Nachteilig bei diesem bekannten Schließzylinder ist unter anderem, daß ein unbefugter
Dritter mit einem entsprechenden Werkzeug durch den Schlüsselschlitz des Zylinderkernes
hindurch auf den schlüsselanschlagseitigen Bodenbereich (z.B. durch Hammerschläge auf
einen entsprechenden Dorn) einwirken kann, was dann zu einem Abbrechen bzw. zu einer
großflächigen Zerstörung des unteren Zylinderkernbereiches führt. Damit liegt das Betätigungselement
für das Schloß gut erreichbar frei, so daß mit einem entsprechenden Werkzeug
das Schloß geöffnet werden kann.
Der Erfindung liegt die Aufgabe zugrunde, einen Schließzylinder der eingangs erwähnten
Art anzugeben, bei dem auf einfache Weise verhindert wird, daß bei Krafteinwirkung auf
den Schlüsselanschlag mittels Diebstahlwerkzeugen eine Zerstörung des unteren Zylinderkernbereiches
erfolgt.
Diese Aufgabe wird erfindungsgemäß durch die Merkmale des Anspruchs 1 gelöst. Weitere,
besonders vorteilhafte Ausgestaltungen der Erfindung offenbaren die Unteransprüche.

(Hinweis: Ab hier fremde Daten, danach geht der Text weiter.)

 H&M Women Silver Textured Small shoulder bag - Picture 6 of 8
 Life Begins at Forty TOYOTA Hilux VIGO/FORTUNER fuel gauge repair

Die Erfindung beruht im wesentlichen auf dem Gedanken, den Zylinderkern unterhalb des
Schlüsselanschlages mit einer sich in axialer Richtung erstreckenden Sollbruchstelle zu
versehen, derart, daß bei Einleitung einer vorgegebenen Kraft auf ein in dem Schlüsselanschlag
aufliegendes Diebstahlwerkzeug der zwischen Schlüsselanschlag und Sollbruchstelle
liegende Bereich des Zylinderkernes durchstoßen oder definiert herausgebrochen wird.
Der Schließzylinder behält in diesem Fall seine sperrende Funktion, und mit dem Diebstahlwerkzeug
ist es unmöglich, eine drehende Bewegung des Betätigungselementes zum
Öffnen des Türschlosses durchzuführen.
Bei einer vorteilhaften Ausführungsform der Erfindung ist in der Sollbruchstelle ein aus
einem elastischen Material bestehendes Verbindungsteil angeordnet, welches sich auf seiner
dem Zylinderkern abgewandten Seite an dem Element zur Betätigung des Schlosses
abstützt.
Als Material für das Verbindungsteil kann beispielsweise ein aus Gummi oder einem elastischen
Kunststoff bestehendes stangenförmiges Verbindungsteil verwendet werden.
Die Verwendung eines zwischen Zylinderkern und Betätigungselement angeordneten elastischen
Verbindungsteiles weist ferner den Vorteil auf, daß bei Schließzylindern, bei denen
seitlich schwenkbare stangenförmige Betätigungselemente verwendet werden, diese durch
den Druck des elastischen Verbindungsteiles fixiert werden und -anders als bei bekannten
Schließzylindern- keine störenden Geräusche erzeugen können.
Weitere Einzelheiten und Vorteile der Erfindung ergeben sich aus den folgenden anhand
von Figuren erläuterten Ausführungsbeispielen. Es zeigen:
Fig.1 den Längsschnitt des schließzylinderseitigen Bereiches eines Türaußengriffes
mit einem erfindungsgemäßen Schließzylinder mit einer im Bereich des Schlüsselanschlages
angeordneten Sollbruchstelle und Fig.2 einen Fig.1 entsprechenden Längsschnitt, wobei in der Sollbruchstelle ein aus
einem elastischen Material bestehendes Verbindungsteil angeordnet ist.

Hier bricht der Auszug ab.